The profile of the barrier on ground there is is the biggest impact, easily causes erroneous judgement, thus affect planning effect;Another is to use
Global path planning method is in the case of environmental information is all known, finds road preferably by global path planning
Footpath, amount of calculation is too big, and real-time is not good enough.
Summary of the invention
It is an object of the invention to provide a kind of method for optimizing route and system, it is intended to solve path planning in prior art
It is limited to picture quality and data amount of calculation, causes to find more optimal path in the short time.
On the one hand, the invention provides a kind of method for optimizing route, described method comprises the steps:
After utilizing polynomial transformation to correct image, the edge of barrier in image is detected;
The summit of described barrier is marked, and forms first path by choosing the summit of described barrier;
Described first path is passed sequentially through intersection and mutation operation, forms the second path;
According to default summit quantity, described second path is chosen subpath, and judges the starting point in described subpath
And can go directly between terminal, to determine path optimizing.

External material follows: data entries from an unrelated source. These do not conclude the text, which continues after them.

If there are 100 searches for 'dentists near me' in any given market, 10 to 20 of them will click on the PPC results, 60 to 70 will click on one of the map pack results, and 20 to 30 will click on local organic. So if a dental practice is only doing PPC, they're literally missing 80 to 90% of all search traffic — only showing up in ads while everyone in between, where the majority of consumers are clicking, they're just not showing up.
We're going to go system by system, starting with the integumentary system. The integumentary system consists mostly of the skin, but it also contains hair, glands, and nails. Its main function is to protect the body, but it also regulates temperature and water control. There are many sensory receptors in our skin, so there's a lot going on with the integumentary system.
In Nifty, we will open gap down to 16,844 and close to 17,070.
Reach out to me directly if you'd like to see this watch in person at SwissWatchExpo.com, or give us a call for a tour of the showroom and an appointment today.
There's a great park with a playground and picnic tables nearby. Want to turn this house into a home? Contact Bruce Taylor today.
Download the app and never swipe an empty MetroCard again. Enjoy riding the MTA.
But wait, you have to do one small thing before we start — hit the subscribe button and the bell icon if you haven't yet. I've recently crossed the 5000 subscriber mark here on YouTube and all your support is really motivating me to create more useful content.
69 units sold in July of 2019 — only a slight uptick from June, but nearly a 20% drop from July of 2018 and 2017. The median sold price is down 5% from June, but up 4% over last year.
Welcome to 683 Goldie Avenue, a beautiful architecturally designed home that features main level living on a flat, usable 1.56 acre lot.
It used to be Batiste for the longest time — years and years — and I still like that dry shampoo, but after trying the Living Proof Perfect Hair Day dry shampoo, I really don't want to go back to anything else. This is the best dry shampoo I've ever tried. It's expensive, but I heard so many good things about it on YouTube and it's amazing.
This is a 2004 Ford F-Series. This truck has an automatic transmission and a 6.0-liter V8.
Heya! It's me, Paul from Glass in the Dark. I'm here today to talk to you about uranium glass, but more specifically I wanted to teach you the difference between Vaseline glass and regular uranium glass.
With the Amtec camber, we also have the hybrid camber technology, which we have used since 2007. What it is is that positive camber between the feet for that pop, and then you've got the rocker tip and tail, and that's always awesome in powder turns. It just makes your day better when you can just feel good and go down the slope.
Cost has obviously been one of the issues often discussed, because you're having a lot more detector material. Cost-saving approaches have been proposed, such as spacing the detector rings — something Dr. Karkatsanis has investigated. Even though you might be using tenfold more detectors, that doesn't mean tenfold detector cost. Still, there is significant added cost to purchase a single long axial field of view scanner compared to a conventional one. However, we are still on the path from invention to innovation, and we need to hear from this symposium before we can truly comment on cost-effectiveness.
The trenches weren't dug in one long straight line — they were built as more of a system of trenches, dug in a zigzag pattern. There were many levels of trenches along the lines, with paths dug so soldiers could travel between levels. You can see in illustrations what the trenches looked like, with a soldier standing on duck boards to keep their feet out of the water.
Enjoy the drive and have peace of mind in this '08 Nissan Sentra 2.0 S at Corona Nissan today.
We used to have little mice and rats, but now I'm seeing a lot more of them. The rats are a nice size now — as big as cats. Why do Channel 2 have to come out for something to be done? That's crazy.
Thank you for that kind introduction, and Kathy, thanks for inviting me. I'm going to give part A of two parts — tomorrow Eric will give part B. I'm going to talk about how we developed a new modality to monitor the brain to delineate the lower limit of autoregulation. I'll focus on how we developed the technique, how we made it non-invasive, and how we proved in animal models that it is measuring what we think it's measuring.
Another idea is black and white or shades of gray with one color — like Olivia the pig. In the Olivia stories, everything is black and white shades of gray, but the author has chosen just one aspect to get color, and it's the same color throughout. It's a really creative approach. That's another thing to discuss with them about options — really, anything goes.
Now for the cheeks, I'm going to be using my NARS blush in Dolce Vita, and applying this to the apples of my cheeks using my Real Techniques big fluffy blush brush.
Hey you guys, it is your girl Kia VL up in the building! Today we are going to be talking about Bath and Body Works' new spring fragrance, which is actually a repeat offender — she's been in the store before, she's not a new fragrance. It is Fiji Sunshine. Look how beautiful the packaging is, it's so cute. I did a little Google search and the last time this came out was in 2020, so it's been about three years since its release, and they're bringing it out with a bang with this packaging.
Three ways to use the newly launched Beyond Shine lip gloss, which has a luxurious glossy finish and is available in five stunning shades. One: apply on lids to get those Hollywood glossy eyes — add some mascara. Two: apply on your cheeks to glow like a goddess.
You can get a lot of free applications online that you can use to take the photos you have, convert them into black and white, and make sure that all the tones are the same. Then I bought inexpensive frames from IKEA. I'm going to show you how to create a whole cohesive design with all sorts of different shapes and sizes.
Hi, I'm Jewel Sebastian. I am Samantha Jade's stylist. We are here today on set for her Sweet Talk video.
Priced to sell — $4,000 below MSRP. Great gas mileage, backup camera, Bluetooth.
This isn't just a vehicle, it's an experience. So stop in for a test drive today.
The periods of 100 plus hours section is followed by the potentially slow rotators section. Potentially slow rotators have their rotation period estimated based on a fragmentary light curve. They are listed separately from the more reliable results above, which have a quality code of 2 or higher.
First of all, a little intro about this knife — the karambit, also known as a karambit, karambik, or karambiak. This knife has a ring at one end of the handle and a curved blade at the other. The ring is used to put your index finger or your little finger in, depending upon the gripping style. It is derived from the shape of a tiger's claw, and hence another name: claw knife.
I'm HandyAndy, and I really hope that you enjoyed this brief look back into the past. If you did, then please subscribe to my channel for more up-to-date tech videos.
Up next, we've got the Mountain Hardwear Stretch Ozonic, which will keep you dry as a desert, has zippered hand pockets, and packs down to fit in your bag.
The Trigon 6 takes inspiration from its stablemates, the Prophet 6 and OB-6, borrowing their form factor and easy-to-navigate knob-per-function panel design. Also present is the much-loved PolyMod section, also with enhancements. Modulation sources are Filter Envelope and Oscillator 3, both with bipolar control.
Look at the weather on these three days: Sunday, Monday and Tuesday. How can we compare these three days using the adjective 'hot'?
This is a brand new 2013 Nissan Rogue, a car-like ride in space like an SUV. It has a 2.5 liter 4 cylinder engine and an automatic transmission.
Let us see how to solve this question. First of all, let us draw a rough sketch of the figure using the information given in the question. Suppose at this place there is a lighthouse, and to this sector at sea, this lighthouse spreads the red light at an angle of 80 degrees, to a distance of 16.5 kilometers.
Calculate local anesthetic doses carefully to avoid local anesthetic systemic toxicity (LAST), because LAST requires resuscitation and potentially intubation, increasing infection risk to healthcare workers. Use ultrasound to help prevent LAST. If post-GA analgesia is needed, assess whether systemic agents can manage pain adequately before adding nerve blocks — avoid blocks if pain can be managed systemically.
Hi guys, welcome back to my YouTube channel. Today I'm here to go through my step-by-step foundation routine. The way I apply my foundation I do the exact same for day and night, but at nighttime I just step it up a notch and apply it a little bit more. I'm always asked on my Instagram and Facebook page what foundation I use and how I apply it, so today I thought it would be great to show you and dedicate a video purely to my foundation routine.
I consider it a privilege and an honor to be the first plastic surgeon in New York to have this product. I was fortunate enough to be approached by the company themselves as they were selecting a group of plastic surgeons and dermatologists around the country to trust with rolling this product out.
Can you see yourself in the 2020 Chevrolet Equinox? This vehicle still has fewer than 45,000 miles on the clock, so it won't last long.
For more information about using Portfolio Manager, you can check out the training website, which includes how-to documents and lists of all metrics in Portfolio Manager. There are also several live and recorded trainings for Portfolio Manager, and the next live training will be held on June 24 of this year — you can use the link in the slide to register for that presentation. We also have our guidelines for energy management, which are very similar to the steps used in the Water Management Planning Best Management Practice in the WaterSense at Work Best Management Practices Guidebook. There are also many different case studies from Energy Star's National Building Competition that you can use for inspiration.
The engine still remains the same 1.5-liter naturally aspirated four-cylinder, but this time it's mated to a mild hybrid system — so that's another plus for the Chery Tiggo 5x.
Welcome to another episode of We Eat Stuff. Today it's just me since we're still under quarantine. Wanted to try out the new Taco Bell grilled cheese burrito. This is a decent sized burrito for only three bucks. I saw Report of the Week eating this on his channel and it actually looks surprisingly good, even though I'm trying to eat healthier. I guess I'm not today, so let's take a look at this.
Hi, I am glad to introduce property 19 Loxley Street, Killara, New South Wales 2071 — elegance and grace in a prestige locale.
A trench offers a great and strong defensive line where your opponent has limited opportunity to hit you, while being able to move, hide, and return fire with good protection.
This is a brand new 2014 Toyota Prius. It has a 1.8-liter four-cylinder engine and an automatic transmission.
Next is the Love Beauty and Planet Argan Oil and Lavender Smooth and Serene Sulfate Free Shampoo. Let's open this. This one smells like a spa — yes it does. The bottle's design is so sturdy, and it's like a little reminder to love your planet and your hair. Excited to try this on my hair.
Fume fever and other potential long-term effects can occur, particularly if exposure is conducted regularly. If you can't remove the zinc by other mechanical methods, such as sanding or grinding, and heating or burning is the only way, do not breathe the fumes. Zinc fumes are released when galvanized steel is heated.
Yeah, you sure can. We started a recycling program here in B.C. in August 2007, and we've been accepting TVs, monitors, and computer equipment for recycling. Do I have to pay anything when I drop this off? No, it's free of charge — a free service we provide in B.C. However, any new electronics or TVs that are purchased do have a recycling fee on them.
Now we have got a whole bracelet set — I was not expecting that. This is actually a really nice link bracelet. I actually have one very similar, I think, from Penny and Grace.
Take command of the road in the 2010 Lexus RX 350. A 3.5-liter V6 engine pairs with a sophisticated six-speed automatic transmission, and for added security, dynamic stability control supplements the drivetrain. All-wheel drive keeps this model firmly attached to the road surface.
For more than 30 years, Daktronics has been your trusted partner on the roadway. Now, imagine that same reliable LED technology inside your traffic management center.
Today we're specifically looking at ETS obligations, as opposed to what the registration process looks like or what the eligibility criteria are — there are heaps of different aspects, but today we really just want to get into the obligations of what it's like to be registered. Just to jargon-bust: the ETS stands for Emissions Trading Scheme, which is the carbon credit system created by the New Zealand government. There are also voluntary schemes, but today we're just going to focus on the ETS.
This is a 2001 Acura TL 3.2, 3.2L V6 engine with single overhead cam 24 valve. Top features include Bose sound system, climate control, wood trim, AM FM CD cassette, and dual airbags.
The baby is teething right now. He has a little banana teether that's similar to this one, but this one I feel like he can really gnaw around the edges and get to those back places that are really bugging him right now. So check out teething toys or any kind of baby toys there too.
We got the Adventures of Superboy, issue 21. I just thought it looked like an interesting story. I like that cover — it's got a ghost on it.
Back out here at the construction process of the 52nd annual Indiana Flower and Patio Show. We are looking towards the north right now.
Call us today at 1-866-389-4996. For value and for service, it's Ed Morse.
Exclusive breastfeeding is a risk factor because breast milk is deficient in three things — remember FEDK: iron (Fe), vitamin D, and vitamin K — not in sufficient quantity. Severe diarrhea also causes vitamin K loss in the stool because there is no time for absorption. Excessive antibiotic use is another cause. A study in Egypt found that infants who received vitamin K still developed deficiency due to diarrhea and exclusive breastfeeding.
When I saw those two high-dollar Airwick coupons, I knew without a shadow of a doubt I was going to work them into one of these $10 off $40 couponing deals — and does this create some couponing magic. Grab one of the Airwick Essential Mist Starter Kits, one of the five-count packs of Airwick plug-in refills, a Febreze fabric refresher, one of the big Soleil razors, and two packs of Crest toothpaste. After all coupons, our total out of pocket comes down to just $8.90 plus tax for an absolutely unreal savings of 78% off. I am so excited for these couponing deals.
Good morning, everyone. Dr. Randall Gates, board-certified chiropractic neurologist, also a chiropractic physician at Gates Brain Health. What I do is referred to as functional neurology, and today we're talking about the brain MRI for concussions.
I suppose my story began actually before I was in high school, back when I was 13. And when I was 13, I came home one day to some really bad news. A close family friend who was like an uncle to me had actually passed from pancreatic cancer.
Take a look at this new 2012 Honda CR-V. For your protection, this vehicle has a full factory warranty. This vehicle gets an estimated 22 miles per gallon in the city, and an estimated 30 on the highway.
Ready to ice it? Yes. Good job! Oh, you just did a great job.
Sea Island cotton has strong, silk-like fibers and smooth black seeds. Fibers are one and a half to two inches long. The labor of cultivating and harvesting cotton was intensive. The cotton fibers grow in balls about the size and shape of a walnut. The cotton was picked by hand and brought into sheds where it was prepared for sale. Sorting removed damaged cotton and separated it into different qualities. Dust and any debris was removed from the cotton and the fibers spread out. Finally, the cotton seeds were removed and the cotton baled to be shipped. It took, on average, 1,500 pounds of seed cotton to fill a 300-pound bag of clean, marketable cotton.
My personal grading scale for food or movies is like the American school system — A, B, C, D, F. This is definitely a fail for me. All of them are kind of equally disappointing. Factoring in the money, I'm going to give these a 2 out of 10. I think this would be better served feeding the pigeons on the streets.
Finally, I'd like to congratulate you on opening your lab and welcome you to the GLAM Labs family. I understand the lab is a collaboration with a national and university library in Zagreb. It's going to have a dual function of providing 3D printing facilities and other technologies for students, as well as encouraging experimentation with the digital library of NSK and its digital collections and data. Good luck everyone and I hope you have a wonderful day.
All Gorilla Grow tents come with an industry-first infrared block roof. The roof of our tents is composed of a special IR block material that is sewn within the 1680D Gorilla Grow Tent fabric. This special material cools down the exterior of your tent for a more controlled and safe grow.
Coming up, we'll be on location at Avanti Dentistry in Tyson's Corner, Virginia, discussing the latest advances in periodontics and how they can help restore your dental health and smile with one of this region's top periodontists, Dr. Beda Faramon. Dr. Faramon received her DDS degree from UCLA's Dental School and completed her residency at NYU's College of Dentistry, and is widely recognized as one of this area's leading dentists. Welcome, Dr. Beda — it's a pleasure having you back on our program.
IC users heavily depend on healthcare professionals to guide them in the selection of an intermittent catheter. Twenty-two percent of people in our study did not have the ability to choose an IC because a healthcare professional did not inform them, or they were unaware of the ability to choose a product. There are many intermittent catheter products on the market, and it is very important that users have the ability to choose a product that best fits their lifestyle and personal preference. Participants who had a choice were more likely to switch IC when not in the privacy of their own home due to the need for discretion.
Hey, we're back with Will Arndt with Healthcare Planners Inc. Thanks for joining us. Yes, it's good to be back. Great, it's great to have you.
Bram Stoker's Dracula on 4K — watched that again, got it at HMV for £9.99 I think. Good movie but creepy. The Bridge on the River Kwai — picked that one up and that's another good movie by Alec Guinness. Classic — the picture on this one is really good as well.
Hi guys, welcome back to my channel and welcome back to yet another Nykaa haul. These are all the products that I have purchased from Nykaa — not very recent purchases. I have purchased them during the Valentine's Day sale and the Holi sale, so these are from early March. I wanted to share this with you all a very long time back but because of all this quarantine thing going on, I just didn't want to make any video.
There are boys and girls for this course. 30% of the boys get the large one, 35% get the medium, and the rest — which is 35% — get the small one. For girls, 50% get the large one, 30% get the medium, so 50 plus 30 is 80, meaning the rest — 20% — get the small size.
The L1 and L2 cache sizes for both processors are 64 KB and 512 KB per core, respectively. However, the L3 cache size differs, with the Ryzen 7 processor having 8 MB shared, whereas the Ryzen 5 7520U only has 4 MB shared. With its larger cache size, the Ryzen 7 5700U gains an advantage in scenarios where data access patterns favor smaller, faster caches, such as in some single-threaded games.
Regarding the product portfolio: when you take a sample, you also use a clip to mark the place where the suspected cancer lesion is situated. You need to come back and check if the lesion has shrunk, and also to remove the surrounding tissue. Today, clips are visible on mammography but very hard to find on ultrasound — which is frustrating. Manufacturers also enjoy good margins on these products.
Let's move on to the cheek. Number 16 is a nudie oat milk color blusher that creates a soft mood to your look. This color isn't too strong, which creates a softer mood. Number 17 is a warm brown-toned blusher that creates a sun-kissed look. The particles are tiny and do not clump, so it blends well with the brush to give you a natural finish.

On the other hand, the invention provides a kind of path optimizing system, described system includes:
Graphics processing unit, after being used for utilizing polynomial transformation to correct image, to the edge of barrier in image
Detect;
First path forms unit, for being marked the summit of described barrier, and by choosing described barrier
Summit formed first path;
Second path forms unit, for described first path passes sequentially through intersection and mutation operation, forms second
Path;And
Path optimization's unit, for according to default summit quantity, chooses subpath in described second path, and judges institute
State and can go directly between the Origin And Destination in subpath, to determine path optimizing.
The embodiment of the present invention is by processing image so that in image, the profile of barrier becomes apparent from, in order to
Improve the degree of accuracy of path planning, on the basis of global path planning, successively subpath is processed, improve further
The degree of accuracy of path planning, improves machine task efficiency.
Accompanying drawing explanation
Fig. 1 is the flowchart of the method for optimizing route that the embodiment of the present invention one provides;And
Fig. 2 is the structural representation of the path optimizing system that the embodiment of the present invention two provides;
Detailed description of the invention
In order to make the purpose of the present invention, technical scheme and advantage clearer, below in conjunction with drawings and Examples, right
The present invention is further elaborated.Should be appreciated that specific embodiment described herein only in order to explain the present invention, and
It is not used in the restriction present invention.
Below in conjunction with specific embodiment the present invention implemented and is described in detail:
Embodiment one:
Fig. 1 shows the flowchart of the method for optimizing route that the embodiment of the present invention one provides, for convenience of description, only
Showing the part relevant to the embodiment of the present invention, details are as follows:
In step S101, after utilizing polynomial transformation to correct image, the edge of barrier in image is carried out
Detection.
In embodiments of the present invention, image generating, transmit, process, send and during the process such as reception, inevitably
By interference and the impact of various noises, such as in atmospheric environment, scattering can be produced due to light in atmosphere and absorb, making
Obtain some greyish white effect of local possible generation of image, cause the contrast of image to decline seriously, the most even can affect image
Visual effect and cannot be carried out next step process.Therefore, the first image to air-robot collection carries out pretreatment, preferably
Ground, the denoising method that can use is median filtering method and morphology denoising.To the correct image after denoising, utilize coordinate
Between polynomial transformation carry out this nonlinear distortion of approximate representation, and choose some control point to eliminate distortion.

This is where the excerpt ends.